At what point does an opera revival turn into a permanent burial?
The Canadian Opera Company and NACO have put in a heroic joint effort into resurrecting Louis Riel, Harry Somers’ 1967 opera about the visionary but ultimately doomed Métis leader and father of Manitoba. But despite some noble performances from the cast and director Peter Hinton’s laudable inclusion of a strong Indigenous presence, this hopelessly dated, mediocre work remains beyond rehabilitation.
Musically, the opera is the aural equivalent of the original NAC building: 1960s concrete brutalism rendered in sound, unwelcoming, aggressively unbeautiful, difficult without any emotional payoff. Parts of it sound unsingable. Not in the virtuoso, superhuman, oh my god sense of, say, the Mad Scene from Lucia di Lammermoor. More like Somers actually had no clue how the human vocal apparatus works, or, if he did, didn’t care.
As if the swooping, stuttering, bellowing vocal parts weren’t arduous enough, the score is all tangled up in fortissimo brass and unrelenting percussion (ferociously played by NACO in the pit), making the singers’ jobs even harder. Alexander Shelley was as precise and generous as possible, but his hands were tied by the composer’s unsympathetic writing.
It’s almost a crime that a singer of Russell Braun’s stature should be subjected to such musical cruelty. It’s also a testament to Braun’s extraordinary gifts and professionalism that he still turns in a title role performance of such shattering power and believable honesty. It’s all there, in voice, look, and gesture: Riel’s magnetic, romantic personality, his huge force of will, his faith, but also his frightening madness, spiritual conflict, and megalomania.

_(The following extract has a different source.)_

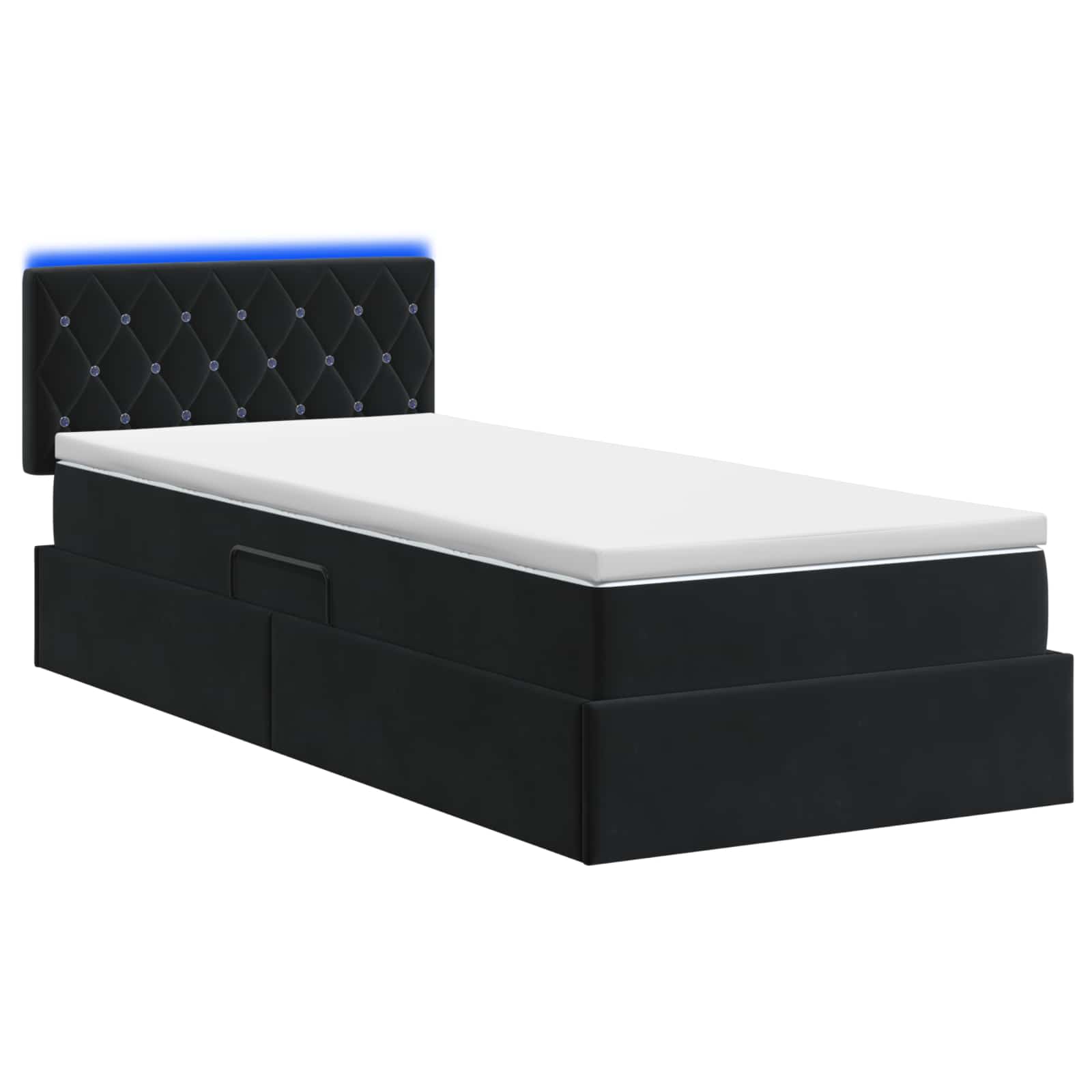 LED Opslagbed met Matras Zwart 100 x 200 cm Fluweel is nu te koop bij PeponiXL, paradijselijk wonen!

The supporting cast was excellent. Bass Alain Coulombe was a dignified and compassionate Bishop Taché, playing well against baritone James Westman’s boozy, canny Sir John A. As Julie, Riel’s devout, devoted mother, mezzo Allyson McHardy was equal parts steel and suffering.
Somers made Marguerite, Riel’s young wife, little more than a cipher, but he also gave her the controversial “Kuyas” aria, adapted without permission from a Nisga’a mourning song. In the role, outstanding young soprano Simone Osborne displayed a surprisingly big, fearless voice coupled to a dewy, girlish sweetness. Her wailing and keening had an unforced despair, like the final song of a bird shot out of the sky.
The presenters and creative team have taken great pains to mitigate the opera’s cultural appropriation. Surtitles are in English, French and the Métis language, Michif. In his staging, Hinton has added the Land Assembly, a largely silent chorus of Indigenous actors; gives a prominent role to Métis folk singer Jani Lauzon; and replaces a cringe-worthy “drunken Indians” scene with an interlude featuring buffalo dancer Justin Many Fingers. At Thursday evening’s Ottawa premiere, members of the Nisga’a Nation addressed the audience before the curtain went up.
But while the impulse behind the updates is admirable, they feel self-conscious and tacked on, not organic. Riel requires so much patching and polishing to make it less offensive (the cartoonish Irish and French Catholic stereotypes aren’t even touched), you have to wonder why this irredeemable work was ever dragged out of the mothballs in the first place. Canada 150 would have been better commemorated with a new commission. Maybe one where an Indigenous composer could tell their own story, no revisions required.